El tono hostil de su voz me obligó a recomponer mi bata y a sentarme derecha en el sillón.

—No le hables así a mi esposa —levantó Antonio la voz.

—Perdona, Toño, pero es que esta muchacha me saca de quicio siempre que puede.

—Pues ahora estás en su casa, no en tu zoológico, Catalina. Haz favor de respetarla, de respetarnos.

—Okey, no vine a pelear. Necesito que vayas a verla, Toño. Por favor. No habla, está muda. Como muerta en vida.

—¿Dónde está? —quiso saber Antonio antes de comprometerse. Ya lo iba conociendo más.

—En, en…la otra casa…

—¿Tu departamento subterráneo, el que tiene chorro de cuartos? —reí para fastidiarla, aprovechando la presencia de mi protector.

La furia con la que me miró Catalina convirtió sus ojos verdes en una sola línea de amargura reconcentrada.

—Sí, ahí donde entraste la otra noche sin permiso.

Preferí callar. Nos estábamos acercando a un lugar muy peligroso.

—Es más, ¿por qué no van los dos con la bebé, a ver si así reacciona nuestra amiga?

El tonito que usó me sonó a amenaza.

—Mañana iré, Cata. Sin problemas. —Antonio se levantó para servirle de nuevo un chorro del Torres.

—Pero no iré con Valentina ni con la niña. Veré primero qué está pasando. Por cierto, ¿cómo llegó a tu casa? ¿La llevó alguien?

—Te juro que no sé, Toño. Solo entró cuando le abrió la muchacha.

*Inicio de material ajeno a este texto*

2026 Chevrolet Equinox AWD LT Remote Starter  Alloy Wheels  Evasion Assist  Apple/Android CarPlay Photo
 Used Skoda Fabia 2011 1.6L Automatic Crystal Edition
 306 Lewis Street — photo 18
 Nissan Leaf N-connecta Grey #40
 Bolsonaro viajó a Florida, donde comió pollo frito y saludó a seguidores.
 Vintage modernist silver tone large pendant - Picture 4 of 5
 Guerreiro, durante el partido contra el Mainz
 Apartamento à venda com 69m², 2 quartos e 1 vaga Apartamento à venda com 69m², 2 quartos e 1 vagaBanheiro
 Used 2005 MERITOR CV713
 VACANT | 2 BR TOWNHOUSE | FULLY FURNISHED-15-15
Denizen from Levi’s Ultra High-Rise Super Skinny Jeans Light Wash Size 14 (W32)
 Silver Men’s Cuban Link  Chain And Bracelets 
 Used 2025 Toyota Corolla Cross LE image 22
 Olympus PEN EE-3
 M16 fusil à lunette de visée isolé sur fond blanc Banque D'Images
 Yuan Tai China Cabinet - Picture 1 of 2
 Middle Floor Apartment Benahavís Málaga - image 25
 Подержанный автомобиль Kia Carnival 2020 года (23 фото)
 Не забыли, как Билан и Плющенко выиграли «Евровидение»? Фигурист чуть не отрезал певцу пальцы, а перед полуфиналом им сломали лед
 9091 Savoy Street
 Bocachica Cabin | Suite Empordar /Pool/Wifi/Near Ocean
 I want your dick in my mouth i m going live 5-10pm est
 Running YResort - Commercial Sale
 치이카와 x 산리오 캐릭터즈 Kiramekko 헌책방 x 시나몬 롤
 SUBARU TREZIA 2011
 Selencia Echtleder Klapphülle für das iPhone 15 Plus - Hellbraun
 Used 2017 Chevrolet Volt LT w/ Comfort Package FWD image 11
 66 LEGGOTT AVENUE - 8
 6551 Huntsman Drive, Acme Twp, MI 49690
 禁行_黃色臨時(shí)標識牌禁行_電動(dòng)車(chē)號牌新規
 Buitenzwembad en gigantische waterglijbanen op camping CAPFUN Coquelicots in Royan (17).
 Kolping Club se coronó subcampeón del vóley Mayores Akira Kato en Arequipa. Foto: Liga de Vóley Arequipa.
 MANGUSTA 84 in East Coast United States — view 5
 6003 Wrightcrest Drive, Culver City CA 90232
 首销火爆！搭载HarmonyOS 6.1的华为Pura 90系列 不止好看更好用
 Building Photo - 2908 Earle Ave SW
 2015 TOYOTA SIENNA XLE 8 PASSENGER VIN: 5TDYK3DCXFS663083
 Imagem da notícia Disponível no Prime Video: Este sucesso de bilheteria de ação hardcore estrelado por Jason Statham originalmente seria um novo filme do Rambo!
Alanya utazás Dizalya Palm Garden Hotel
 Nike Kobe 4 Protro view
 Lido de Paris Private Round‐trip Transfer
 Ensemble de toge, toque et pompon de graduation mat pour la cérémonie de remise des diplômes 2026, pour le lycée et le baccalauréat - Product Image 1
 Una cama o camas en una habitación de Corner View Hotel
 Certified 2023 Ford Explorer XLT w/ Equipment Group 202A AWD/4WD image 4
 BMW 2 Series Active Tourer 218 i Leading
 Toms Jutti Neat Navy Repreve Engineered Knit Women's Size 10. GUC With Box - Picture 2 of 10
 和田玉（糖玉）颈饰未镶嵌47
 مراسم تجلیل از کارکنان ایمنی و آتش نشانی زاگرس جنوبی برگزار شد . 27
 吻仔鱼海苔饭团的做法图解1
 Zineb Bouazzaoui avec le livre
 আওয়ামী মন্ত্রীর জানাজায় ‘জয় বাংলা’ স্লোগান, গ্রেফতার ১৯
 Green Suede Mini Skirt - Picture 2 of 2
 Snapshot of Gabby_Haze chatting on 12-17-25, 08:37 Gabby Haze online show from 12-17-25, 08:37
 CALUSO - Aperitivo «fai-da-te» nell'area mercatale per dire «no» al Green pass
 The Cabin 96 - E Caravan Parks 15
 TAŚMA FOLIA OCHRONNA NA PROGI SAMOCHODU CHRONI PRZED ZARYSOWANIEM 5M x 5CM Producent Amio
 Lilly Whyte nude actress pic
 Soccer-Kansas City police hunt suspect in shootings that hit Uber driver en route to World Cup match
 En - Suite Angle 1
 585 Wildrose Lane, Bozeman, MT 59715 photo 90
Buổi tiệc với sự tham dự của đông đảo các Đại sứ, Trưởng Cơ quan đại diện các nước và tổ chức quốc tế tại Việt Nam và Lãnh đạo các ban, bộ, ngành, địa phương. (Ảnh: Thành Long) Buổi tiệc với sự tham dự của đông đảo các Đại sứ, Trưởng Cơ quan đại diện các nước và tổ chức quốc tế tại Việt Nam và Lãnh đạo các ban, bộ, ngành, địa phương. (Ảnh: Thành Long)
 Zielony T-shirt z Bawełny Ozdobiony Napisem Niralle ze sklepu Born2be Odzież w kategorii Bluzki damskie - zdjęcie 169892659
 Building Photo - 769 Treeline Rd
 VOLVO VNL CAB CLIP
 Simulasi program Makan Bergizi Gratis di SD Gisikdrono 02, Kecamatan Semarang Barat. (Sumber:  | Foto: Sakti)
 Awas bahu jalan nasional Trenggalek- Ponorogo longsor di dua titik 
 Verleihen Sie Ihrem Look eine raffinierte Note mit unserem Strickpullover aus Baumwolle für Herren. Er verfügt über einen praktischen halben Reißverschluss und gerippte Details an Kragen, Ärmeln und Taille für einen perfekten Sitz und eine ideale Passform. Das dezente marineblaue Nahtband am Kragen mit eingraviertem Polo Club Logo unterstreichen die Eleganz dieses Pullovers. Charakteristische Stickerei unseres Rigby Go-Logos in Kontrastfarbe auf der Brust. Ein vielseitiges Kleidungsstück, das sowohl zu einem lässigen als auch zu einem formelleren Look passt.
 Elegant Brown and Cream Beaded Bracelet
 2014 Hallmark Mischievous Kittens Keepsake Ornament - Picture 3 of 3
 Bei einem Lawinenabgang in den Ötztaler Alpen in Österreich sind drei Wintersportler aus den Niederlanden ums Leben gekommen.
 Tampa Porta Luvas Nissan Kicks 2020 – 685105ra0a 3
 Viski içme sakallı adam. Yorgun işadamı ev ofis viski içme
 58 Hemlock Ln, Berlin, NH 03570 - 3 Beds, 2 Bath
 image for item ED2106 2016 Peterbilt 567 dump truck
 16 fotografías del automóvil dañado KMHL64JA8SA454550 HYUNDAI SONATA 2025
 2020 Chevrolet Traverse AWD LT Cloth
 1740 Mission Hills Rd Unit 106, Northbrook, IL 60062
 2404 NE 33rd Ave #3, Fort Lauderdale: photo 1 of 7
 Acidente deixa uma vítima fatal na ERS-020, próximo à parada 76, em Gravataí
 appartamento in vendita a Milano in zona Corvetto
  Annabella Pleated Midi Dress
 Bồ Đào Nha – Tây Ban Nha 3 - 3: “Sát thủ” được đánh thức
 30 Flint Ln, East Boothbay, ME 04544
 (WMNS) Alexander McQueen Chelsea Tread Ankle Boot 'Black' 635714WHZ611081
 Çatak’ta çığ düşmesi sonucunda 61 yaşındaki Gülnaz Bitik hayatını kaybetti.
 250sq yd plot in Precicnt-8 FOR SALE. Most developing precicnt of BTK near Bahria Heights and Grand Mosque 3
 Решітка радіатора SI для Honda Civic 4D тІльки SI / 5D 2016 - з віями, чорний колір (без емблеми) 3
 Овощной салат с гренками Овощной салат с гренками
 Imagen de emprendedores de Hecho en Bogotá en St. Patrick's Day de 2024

—¿Y no le hicieron nada las tortugas asesinas?

—Me reí en su cara.

—Con su permiso me voy a dormir. Te quedas en mi casa, Cata. Aquí puedes andar por donde quieras y nada ni nadie te gruñirá en la cara. Bueno, a lo mejor solo la tía Estolia.

Salí de la sala como duquesa ofendida. Ellos siguieron platicando y yo me dormí. En mis sueños seguía viendo al joven, casi un adolescente, que miraba a la niña con odio. Porque ahora estaba segura de que mi hija -y quien la quería tener a toda costa- eran la parte central de una siniestra trama, tan bien urdida, que me costaría mucho trabajo encontrar la punta de su madeja.